Aż trudno uwierzyć, że masa ludzi, która do nas od jutra przyjeżdża, traktuje bardzo poważnie to miejsce. Bardzo poważnie traktuje wszelkiego rodzaju zasady, które wprowadzamy: nasz regulamin i nasze prośby, mimo, że ten "Przystanek" został uznany za imprezę podwyższonego ryzyka - ocenił Jerzy Owsiak, który był gościem programu "Fakty po Faktach" TVN24.

Z pokorą stawiamy płot

Owsiak podkreślił, że taki status festiwalu generuje dodatkowe koszty w zabezpieczeniu imprezy. - Trzeba tutaj postawić płot, który ma prawie siedem kilometrów długości, ale przyjmujemy to z pewną pokorą. Przyjmujemy, że jeśli ktoś tak uznaje, to my - jako organizatorzy - chcemy zrobić wszystko, żeby ci, którzy do nas przyjeżdżają, czuli się bezpiecznie - wyznał i dodał, że dołożono wszelkich starań, aby festiwal był bardzo bezpiecznym wydarzeniem. - Bardziej kuriozalnie brzmiało uzasadnienie na sześciu stronach, które powstało 400 km stąd, które powstało przy biurku w Komendzie Głównej Policji. Podejrzewam, że pisane zostało przez ludzi, którzy tutaj nigdy nie byli, bo właśnie tutaj przez wiele lat nasza współpraca z służbami mundurowymi była rewelacyjna. To myśmy sobie wytworzyli coś niezwykłego przez te kilka dni. Doskonale się rozumieliśmy. Wiedzieliśmy jaka jest rola policji, a policja wiedziała na co może liczyć z naszej strony - powiedział Owsiak. Dodał, że po każdym zakończonym "Przystanku Woodstock" organizatorzy otrzymywali "przepiękne listy" od przedstawicieli służb mundurowych, w których podkreślana była "pewna dojrzałość ludzi, którzy tutaj przyjeżdżają".

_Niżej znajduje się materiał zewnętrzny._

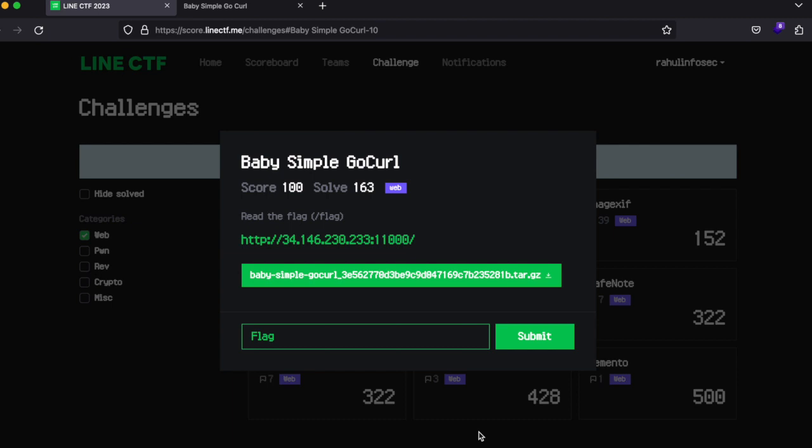Hey, what is up everybody? My name is Rahul and in this video we'll be looking at a challenge from the web category. It's called Baby Simple Go Curl from the Line Capture the Flag competition. Line CTF was live yesterday, but the challenge is still available on the site so you can definitely try this out.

"To właśnie urzędnicza pieczątka zabija wiele rzeczy"

Na polach w Kostrzynie nad Odrą wybudowane zostały już sceny, a całą przestrzeń Owsiak określił jako odrębne miasto, które formalnie zacznie funkcjonować w czwartek, "kiedy Roman Polański odgwiżdże początek festiwalu". - Przez trzy dni będziemy słuchać mądrych ludzi, którzy na scenie ASP będą mieć swoje wykłady. To jest niezwykle edukacyjne miejsce, które uczy tych ludzi tolerancji. - zaznaczył Owsiak. Podkreślił, że absurdalne są jego zdaniem uwagi zamieszczone w raporcie, że podczas festiwalu mogłoby dojść do linczu bądź rasistowskich ataków. Przypomniał, że na "Przystanku Woodstock" ludzie uczą się do siebie zwracać. - Tutaj są różne subkultury. Ludzie przyjeżdżają nie tylko z całej Polski, ale z całego świata - zwrócił uwagę Owsiak. Gość programu powtórzył słowa z komedii Juliusza Machulskiego "Va Banque": "na władzę nie poradzę". Zdaniem Owsiaka decyzja służb o uznaniu "Przystanku Woodstock" imprezą o podwyższonym ryzyku to wynik "urzędowej racji", o której w czasach PRL-u Polacy kręcili filmy.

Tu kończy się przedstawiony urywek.